To do: What you return must match the data below exactly, minus any pictures.

━━ Data

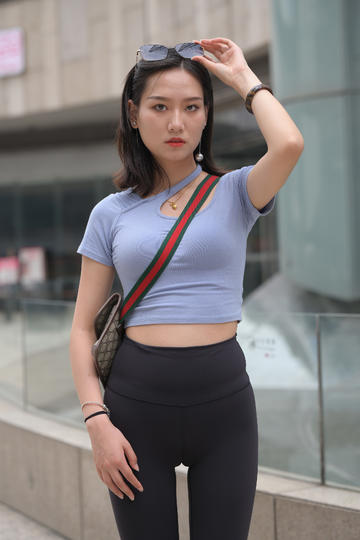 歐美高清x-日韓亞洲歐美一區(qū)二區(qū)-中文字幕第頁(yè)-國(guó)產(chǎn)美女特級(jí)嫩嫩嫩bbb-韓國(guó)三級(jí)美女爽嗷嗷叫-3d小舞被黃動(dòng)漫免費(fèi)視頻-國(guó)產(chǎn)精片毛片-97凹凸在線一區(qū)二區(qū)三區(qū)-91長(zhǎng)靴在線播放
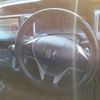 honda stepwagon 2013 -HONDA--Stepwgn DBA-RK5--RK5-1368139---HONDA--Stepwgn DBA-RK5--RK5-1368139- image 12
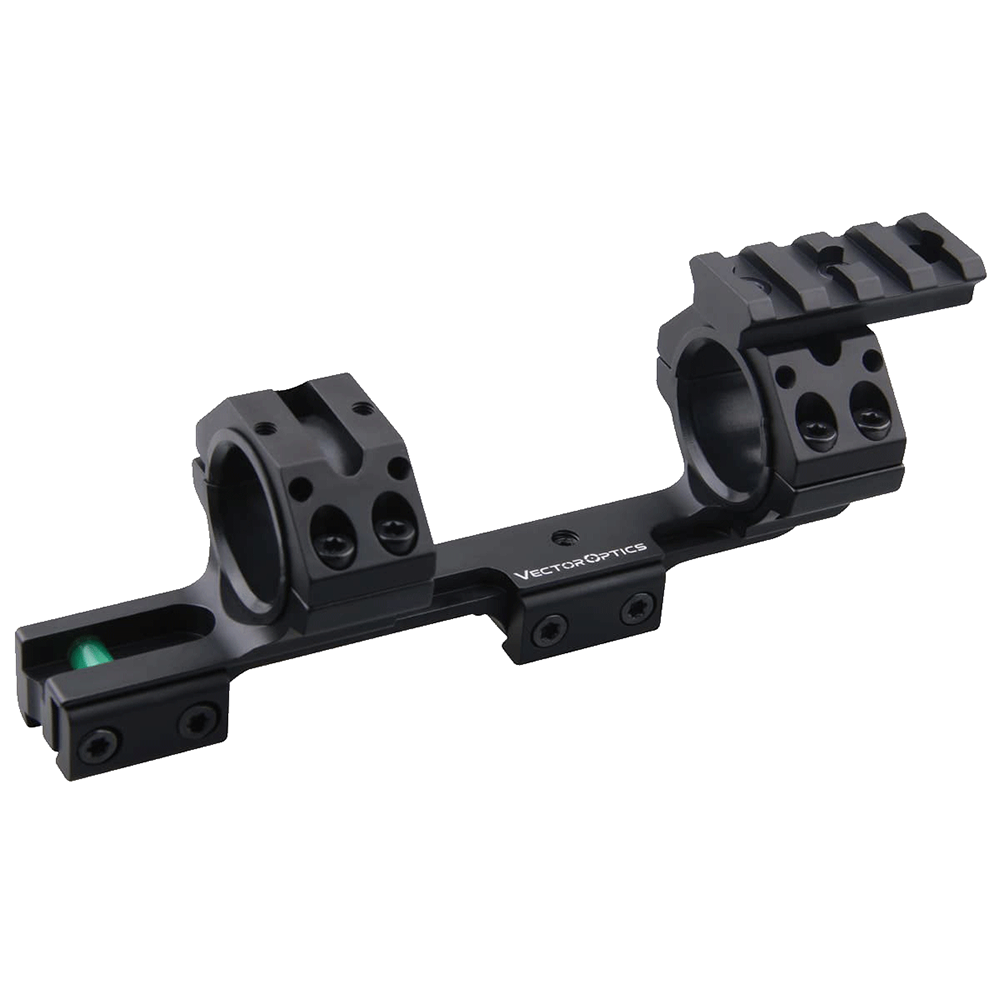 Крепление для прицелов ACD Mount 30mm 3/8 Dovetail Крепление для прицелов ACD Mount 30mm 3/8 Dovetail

━━━━

Result of the task:
 歐美高清x-日韓亞洲歐美一區(qū)二區(qū)-中文字幕第頁(yè)-國(guó)產(chǎn)美女特級(jí)嫩嫩嫩bbb-韓國(guó)三級(jí)美女爽嗷嗷叫-3d小舞被黃動(dòng)漫免費(fèi)視頻-國(guó)產(chǎn)精片毛片-97凹凸在線一區(qū)二區(qū)三區(qū)-91長(zhǎng)靴在線播放
 honda stepwagon 2013 -HONDA--Stepwgn DBA-RK5--RK5-1368139---HONDA--Stepwgn DBA-RK5--RK5-1368139- image 12
 Крепление для прицелов ACD Mount 30mm 3/8 Dovetail Крепление для прицелов ACD Mount 30mm 3/8 Dovetail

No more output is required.